Yosemite National Park has countless waterfalls, some small, some iconic, and some huge. The most notable of these is Yosemite Falls, which drops 2,425 feet from the top of the Upper Fall to the bottom of the Lower Fall. The valley’s native people, the Ahwahneechee, called this incredible waterfall Cholock, and believed the pool at the base was the home to spirits and witches. For an easy walk that gives you incredible views of these falls, take the one-mile loop trail to the waterfall’s base, and listen to the thundering water and let the spray wash over you. It’s a spectacular sight, and will be full bore this spring. You can hike to the top of the falls, but it’s over seven miles of steep trail, with an elevation gain of 2,700 feet.
On the south side of the valley, Sentinel Falls drops around 2,000 feet, cascading from ledge to ledge to ledge, with peak flows in May. And there are others: Ribbon Falls at 1,612 feet, Horsetail Fall at 1,000 feet, and Bridalveil Fall, which drops 620 feet and is the one that greets visitors from the Wawona Road. There’s an easy halfmile trail to its base.

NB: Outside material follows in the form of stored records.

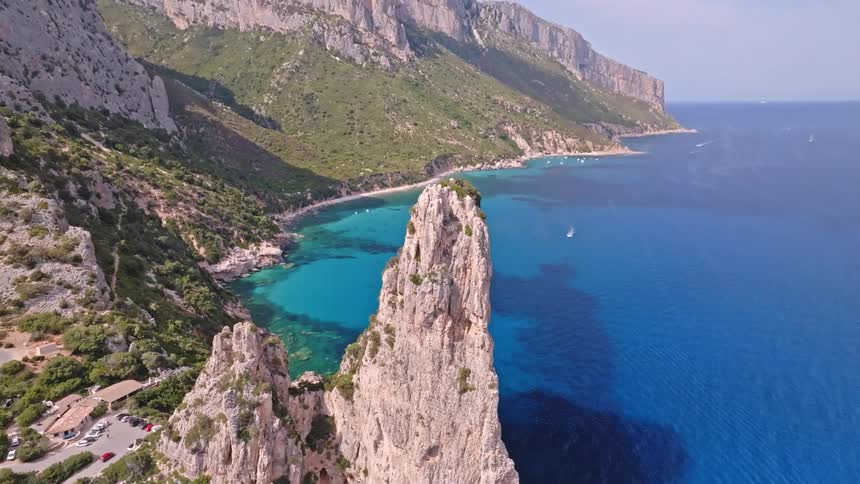 A top-down aerial view tilts up to reveal the magnificent limestone pinnacle of Aguglia di Goloritzè on the rugged Sardinian coastline, surrounded by a crystal clear turquoise sea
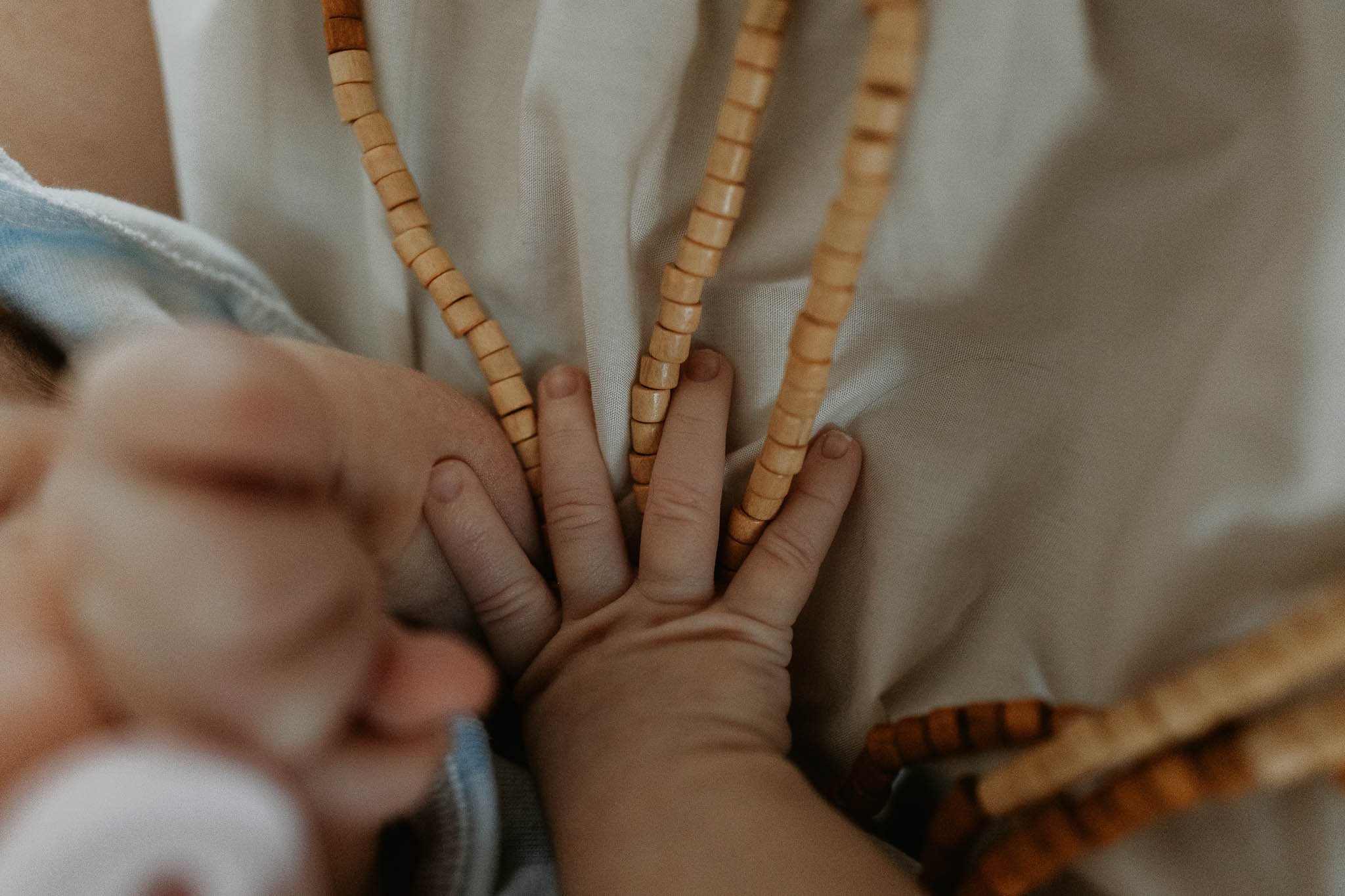 Baby's love a warm heartbeat, like this newborn, snuggle next to her mama as she sleepily puts her hand on mom's heart.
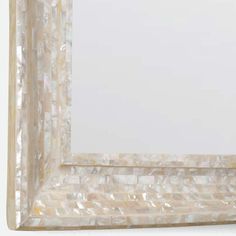 a white frame with mother of pearl in it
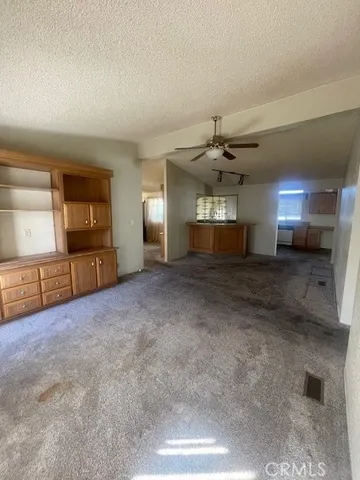 a kitchen with a refrigerator and a sink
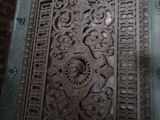 a metal door that has a design on it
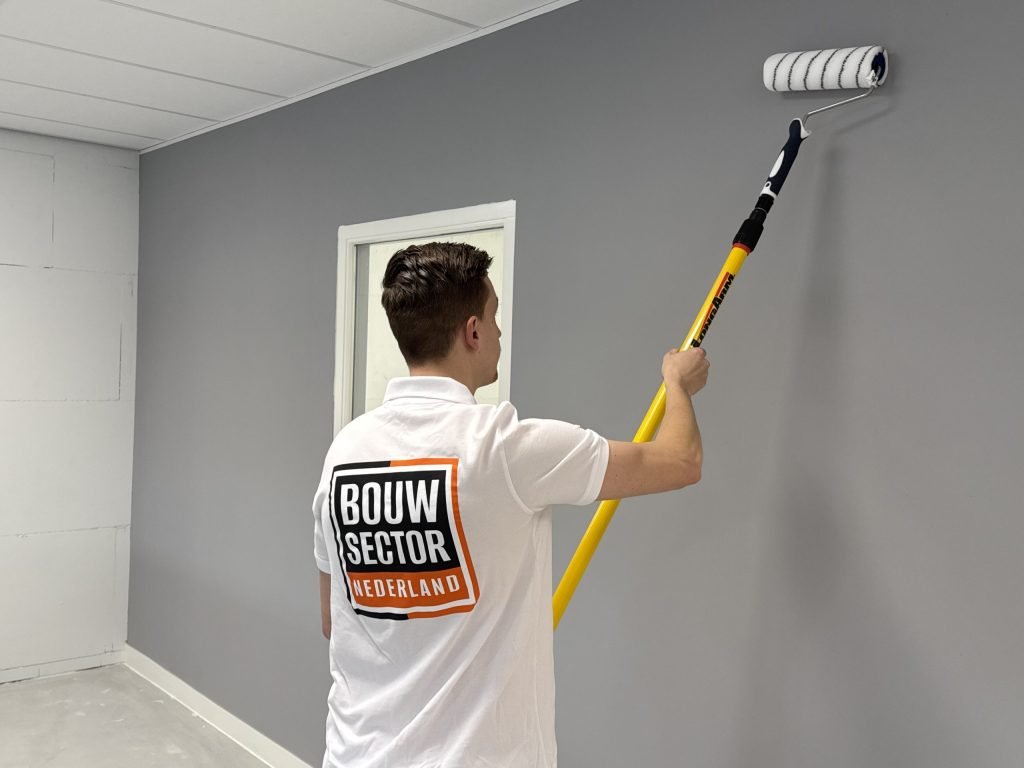Schilder rolt een grijze wand in een ruimte met een systeemplafond en witte plinten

For a treat on a hot day, head a mile up the Mist Trail to Vernal Fall (317 feet) and on another 2 miles towards Nevada Falls (594 feet). But take a raincoat and good boots; you will get wet, which is a nice way to cool off. Spend time at the brink of both of these falls for a great view down the valley, but watch your step, and never enter the water above a fall. Peak flows are in late May, and hikers can continue up this trail to Half Dome, with a proper permit.
For a great perspective of the valley’s waterfalls, trek to Glacier Point. From there you’ll be able to marvel at Nevada and Vernal falls, as well as Yosemite Falls. If you decide to hike up to Glacier Point, and trail conditions allow it, watch for Illilouette Fall, which usually is running at peak flows in late May.
While the Yosemite Valley is the most often visited part of the park, there are plenty of falls in the Hetch Hetchy area to the north. Wapama Falls drops 1,400 feet, and sometimes covers the footbridge at its base. It’s a five-mile hike, round trip, to see these falls, but it’s one of the quieter parts of the park. A longer hike will take you to Rancheria Falls.
In the Wawona area, Chilnualna Falls drops about 2,200 feet, and it’s a strenuous 8-mile hike, round-trip, with a 2,400-foot climb.
A visit to Yosemite this spring, especially, will be a dramatic show of stone and water. The high passes will be slow to open with the deep snows, and May crowds aren’t nearly as intense as those later in the summer will be. There’s plenty of lodging available for a base camp, such as the lodges, cabins, hotels, and vacation rentals, such as the more than 100 properties offered by Yosemite’s Scenic Wonders at Yosemite, Wawona, or Oakhurst/Bass Lake area.
For the adventurous, head out to some of the lesser-known waterfalls, such as Lehamite, Quaking Aspen, Royal Arch Cascade, and Wildcat Falls. Or take a one-day tour of the valley’s waterfalls from the road. Either way, watch nature at its noisiest and most powerful at these amazing falls this spring. It will be nothing short of astounding.